Fra ZOSIMO BRAMBAT, converso, milanese, chiese, alla fine del 1792, di essere ricevuto in Casamari. Trascorse due anni, secondo la consuetudine, coll’abito di oblato, poi, nel novembre del 1794, fu ammesso al noviziato e, nell’anno successivo, emise la professione semplice nelle mani dell’abate Pirelli.

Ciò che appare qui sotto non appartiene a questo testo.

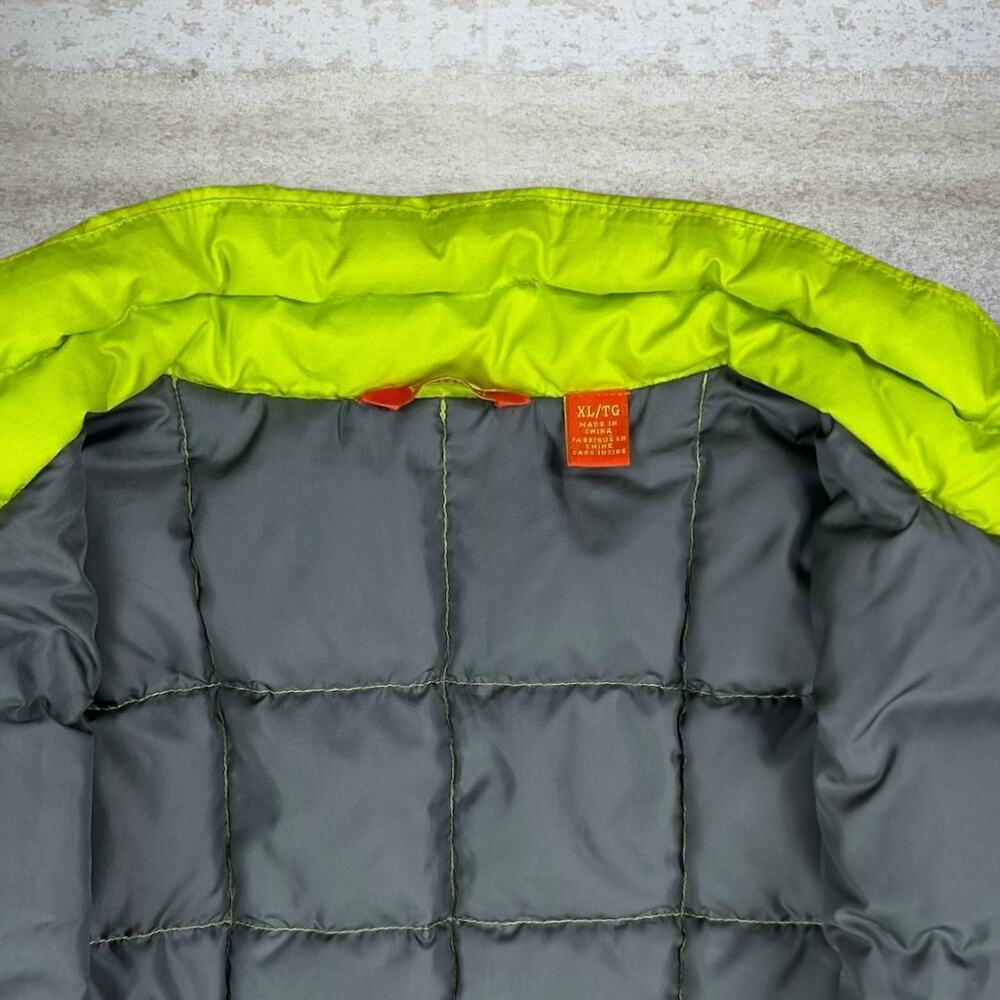Vintage Y2K Marmot Puffer Jacket Youth XL Electric Green Polyester Full Zip - Picture 4 of 5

In quel terribile tredici maggio fu dapprima raggiunto da un colpo di archibugio e, poi, da colpi di sciabola mentre, nel disbrigo di un’obbedienza, “passava per la scaletta per andare in refettorio e avanti la scala della farmacia”. Riuscì, tuttavia, a nascondersi, ma, tre giorni dopo, il sedici maggio, morì poco fuori delle mura del monastero, dopo essersi incamminato alla volta di Boville per ricevere il sacramento dell’unzione degli infermi.

 

Fra MODESTO BURGEN, converso, francese di Borgogna, fu dapprima religioso nell’abbazia cistercense di Settefonti. Durante la Rivoluzione fuggì e si portò a Casamari, dove fu accolto fraternamente. Nel gennaio del 1796 fu ammesso al noviziato e, nell’anno seguente, emise i voti semplici. Anch’egli religioso di vita esemplare, in quell’infausto tredici maggio fu inseguito nel corridoio del noviziato, fu raggiunto da un colpo di archibugio, e poi finito a colpi di sciabola.